Have you tried sitting beside the cot and stroking her face or head whilst singing (badly in my case)? I got to the stage where I had to put one hand on her chest to stop her from rolling about or standing up and se eventually went to sleep. I then progressed to sitting beside her without touching or singing then moved further away from the cot. It DID work but a series of illnesses hols etc set her back so we've pulled ou all the stops and are in the middle of cc. She was about 7 months when we did that. It is still a sleep association but imo it's easier to break than cuddling or feeding.
HTH

egypt Tue 04-Jan-05 17:44:37

thanks hayls. she often falls asleep immediately when i put my hand on her chest actually. only to scream when she wakes a few mins later and realises i've gone. better than cuddling though, i agree.

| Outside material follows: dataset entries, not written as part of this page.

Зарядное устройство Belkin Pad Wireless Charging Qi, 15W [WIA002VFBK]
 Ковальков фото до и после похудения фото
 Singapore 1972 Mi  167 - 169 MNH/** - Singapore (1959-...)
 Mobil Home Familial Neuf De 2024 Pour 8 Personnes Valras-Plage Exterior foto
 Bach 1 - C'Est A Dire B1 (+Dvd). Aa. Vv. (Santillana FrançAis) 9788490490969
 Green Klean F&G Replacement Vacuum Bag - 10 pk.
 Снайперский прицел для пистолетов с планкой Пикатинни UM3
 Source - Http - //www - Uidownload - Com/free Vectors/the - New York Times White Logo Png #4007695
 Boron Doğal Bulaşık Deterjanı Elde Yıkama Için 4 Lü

egypt Wed 05-Jan-05 09:40:31

well....we resorted to the washing machine ON and the pram in front of it at 1am. she slept until 530 like that. weird. i wonder if she has an aversion to her cot all of a sudden. dh lowered it the other day as she's getting mobile, and tbh, she has been worse since then. even feeding her didnt help last night. after a bf she still wouldnt go down.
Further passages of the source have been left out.